WHAT TO PRODUCE
When you find the line with "thumbnail image 1" among the records below, reproduce it and each line after it exactly, ending with the line with "Wooden garden cart with handle and wheels".

■ ■ ■ ■ ■

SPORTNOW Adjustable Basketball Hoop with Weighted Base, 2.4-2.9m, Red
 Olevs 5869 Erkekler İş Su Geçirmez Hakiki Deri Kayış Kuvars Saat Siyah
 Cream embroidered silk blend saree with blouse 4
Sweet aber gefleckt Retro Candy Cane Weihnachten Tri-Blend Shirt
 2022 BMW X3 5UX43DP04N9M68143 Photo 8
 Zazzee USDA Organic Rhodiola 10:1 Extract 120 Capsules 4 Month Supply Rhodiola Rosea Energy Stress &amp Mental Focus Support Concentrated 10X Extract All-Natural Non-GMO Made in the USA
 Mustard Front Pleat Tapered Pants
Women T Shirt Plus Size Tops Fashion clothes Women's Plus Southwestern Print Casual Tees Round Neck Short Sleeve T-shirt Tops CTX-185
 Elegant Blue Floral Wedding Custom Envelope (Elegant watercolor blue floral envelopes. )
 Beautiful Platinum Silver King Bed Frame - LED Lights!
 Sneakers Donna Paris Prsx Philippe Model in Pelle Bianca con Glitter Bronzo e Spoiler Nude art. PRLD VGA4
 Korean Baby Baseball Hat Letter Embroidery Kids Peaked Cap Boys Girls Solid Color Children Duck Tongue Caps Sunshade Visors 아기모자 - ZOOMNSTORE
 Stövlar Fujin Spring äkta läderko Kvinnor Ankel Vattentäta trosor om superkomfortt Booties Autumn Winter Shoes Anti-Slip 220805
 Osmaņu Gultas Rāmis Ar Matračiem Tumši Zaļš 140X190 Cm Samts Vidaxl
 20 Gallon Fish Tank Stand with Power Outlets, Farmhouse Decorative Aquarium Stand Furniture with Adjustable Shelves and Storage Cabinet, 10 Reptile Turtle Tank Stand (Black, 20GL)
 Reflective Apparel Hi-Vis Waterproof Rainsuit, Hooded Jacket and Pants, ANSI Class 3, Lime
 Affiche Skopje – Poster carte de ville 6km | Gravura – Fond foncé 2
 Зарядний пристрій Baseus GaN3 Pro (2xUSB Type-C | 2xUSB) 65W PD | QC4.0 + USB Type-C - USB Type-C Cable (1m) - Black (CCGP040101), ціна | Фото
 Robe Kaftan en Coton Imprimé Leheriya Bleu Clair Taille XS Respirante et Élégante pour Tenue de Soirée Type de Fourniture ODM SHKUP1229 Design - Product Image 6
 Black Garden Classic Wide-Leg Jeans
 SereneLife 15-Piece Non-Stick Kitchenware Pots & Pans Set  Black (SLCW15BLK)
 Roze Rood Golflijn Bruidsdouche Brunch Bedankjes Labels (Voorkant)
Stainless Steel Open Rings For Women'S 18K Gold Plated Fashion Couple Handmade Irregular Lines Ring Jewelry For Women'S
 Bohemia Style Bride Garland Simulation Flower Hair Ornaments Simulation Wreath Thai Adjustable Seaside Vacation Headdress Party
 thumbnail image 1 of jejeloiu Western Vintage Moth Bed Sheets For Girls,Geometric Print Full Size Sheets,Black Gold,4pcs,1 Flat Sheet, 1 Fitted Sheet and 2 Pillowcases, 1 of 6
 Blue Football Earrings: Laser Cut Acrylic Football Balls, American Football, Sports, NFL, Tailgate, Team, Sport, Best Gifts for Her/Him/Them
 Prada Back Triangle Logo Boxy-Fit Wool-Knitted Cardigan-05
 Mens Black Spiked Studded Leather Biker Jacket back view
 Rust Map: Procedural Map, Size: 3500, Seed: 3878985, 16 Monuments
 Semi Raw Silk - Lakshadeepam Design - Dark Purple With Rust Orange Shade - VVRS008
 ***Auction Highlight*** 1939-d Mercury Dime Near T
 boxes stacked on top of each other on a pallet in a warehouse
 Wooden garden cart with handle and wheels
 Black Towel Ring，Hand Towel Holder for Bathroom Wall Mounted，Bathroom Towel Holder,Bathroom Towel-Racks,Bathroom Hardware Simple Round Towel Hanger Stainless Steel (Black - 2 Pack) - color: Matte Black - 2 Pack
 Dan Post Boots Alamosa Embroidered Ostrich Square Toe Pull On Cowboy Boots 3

■ ■ ■ ■ ■

REPLY
 thumbnail image 1 of jejeloiu Western Vintage Moth Bed Sheets For Girls,Geometric Print Full Size Sheets,Black Gold,4pcs,1 Flat Sheet, 1 Fitted Sheet and 2 Pillowcases, 1 of 6
 Blue Football Earrings: Laser Cut Acrylic Football Balls, American Football, Sports, NFL, Tailgate, Team, Sport, Best Gifts for Her/Him/Them
 Prada Back Triangle Logo Boxy-Fit Wool-Knitted Cardigan-05
 Mens Black Spiked Studded Leather Biker Jacket back view
 Rust Map: Procedural Map, Size: 3500, Seed: 3878985, 16 Monuments
 Semi Raw Silk - Lakshadeepam Design - Dark Purple With Rust Orange Shade - VVRS008
 ***Auction Highlight*** 1939-d Mercury Dime Near T
 boxes stacked on top of each other on a pallet in a warehouse
 Wooden garden cart with handle and wheels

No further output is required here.